Note: A means amino acid composition (20 dimensions), A + ACC means amino acid composition and the interaction of segments (164 dimensions), A + ACC + M means amino acid composition, the interaction of segments, and motif frequency (290 dimensions), and A + ACC + M + P means amino acid composition, the interaction of segments, motif frequency, and predicted secondary structure information (296 dimensions); Q means the overall accuracy; the standard deviation values are in the parenthesis of the sixth column, the penultimate column is the results of Liu et al. [27] with the same dataset, and the last column is our results of the dataset built by Ding and Dubchak [11].

Figure 2.

Figure 2

The architecture of the protein folds identification system.

When only one feature parameter, amino acid composition, was used, the overall accuracy was 43.66% (Table 3). After adding the feature parameter based on the interaction of segments, the overall accuracy increased to 68.80% (a 25% higher overall accuracy). The accuracies for folds 1, 2, 4, 6, 19, and 20 increased more than 50%, and the accuracies of folds 3, 11, 12, 13, 25, and 26 increased approximately 30% except folds 15 and 27, and the accuracies of the remaining folds also improved in different degrees. The feature parameter based on the interaction of segments also had a great effect on the identification of protein folds. When adding the feature parameter of motif frequency to amino acid composition and interaction of segments, the overall accuracy increased to 76.25%, an 8% higher overall accuracy. During this process, the accuracies of folds 12, 13, 19, 22, 23, and 24 increased considerably, and the accuracy of fold 27 showed improvement. Finally, adding the feature parameter based on predicted secondary structure information resulted in an overall accuracy of 78.38%. Above all, as relevant feature parameters were gradually added, the accuracies of a large majority of folds improved in different degrees. Thus, the feature parameters used were very effective in predicting 27-class folds. According to the previous researches [1618, 23], we combined the training set and testing set, and the corresponding prediction results and standard deviation (in parenthesis) by 5-fold cross validation test were listed in the sixth column of Table 3. With the same dataset, the previous results of Liu et al. [27] by independent test were also listed in Table 3 for comparison. We can see that the overall accuracy by independent test in our work was 12% higher than that of Liu et al. [27] (the penultimate column in Table 3), and the overall accuracy by 5-fold cross validation test in our work was higher. The web server for protein folds prediction is accessible to the public (http://202.207.29.245:8080/Ha/HomePage/fzxHomePage.jsp).

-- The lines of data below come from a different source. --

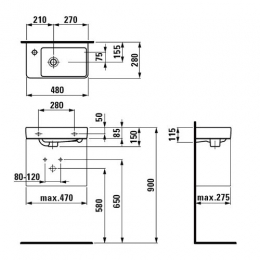 Laufen Раковина 480х280 мм Pro S фото 2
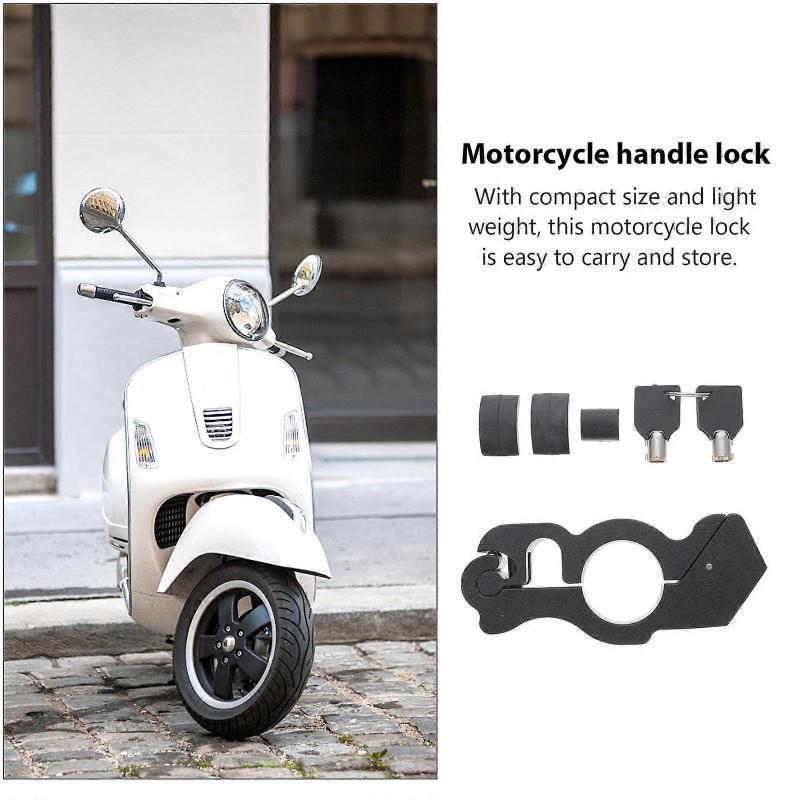 Motorcycle Handlebar Lock for Motorcycle Anti-Theft Brake 1Set Aluminum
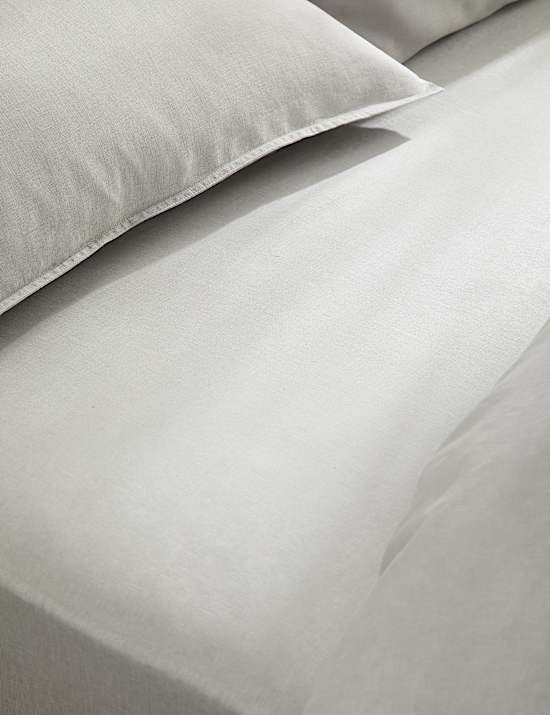 Pure Linen Deep Fitted Sheet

3.2. The Comparison with Previous Results

To test the efficiency of our method, with the same feature parameters, classification strategy, and algorithm used above, the 27-class folds dataset built by Ding and Dubchak [11] was also tested. An overall accuracy of 70.24% was achieved by independent test (the last column in Table 3). The previous results from the same dataset are also listed in Table 4 for comparison. The accuracy was slightly lower than the results of Shen and Chou [24] and Yang et al. [25], but the overall accuracy in our work was higher than the accuracies of most previous researchers (Table 4).

Table 4.

The previous identification results by an independent test from Ding and Dubchak's dataset (%).

Author Classifier Accuracy
Ding and Dubchak [11] SVM (All-Versus-All) 56.0
Chinnasamy et al. [12] Tree-Augmented Naive Bayesian Classifier 58.2
Shen and Chou [21] OET-KNN 62.1
Nanni [13] Fusion of classifiers 61.1
Chen and Kurgan [22] PFRES 68.4
Guo and Gao [14] GAOEC 64.7
Damoulas and Girolami [15] Multiclass multikernel 70.0
Zhang et al. [20] Increment of diversity 61.1
Ghanty and Pal [23] Fusion of different classifiers 68.6
Dong et al. [18] ACCFold 70.1
Shen and Chou [24] PFP-FunDSeqE 70.5
Yang et al. [25] MarFold 71.7
Liu et al. [27] SVM 69.8
Our work Random Forest 70.2

3.3. The Identification Results of Structural Classifications

According to Shen and Chou's [21] description on structural classification in the literature, 27-class protein folds belong to four types of structural classification (Table 1). Therefore, the same feature parameters above were extracted and the combined feature parameters were inputted in Random Forest algorithm; the overall accuracy of the four types of structural classification in the testing set measured up to 92.55% by independent test. This overall accuracy was 3% higher than that of Liu et al. [26] (Table 5). Our approach was also tested on the dataset built by Ding and Dubchak which has been used by many researchers and our results were superior to most previous results derived from the same dataset (Table 5).

Table 5.

Overall accuracies of structural class using different approaches in the testing set (%).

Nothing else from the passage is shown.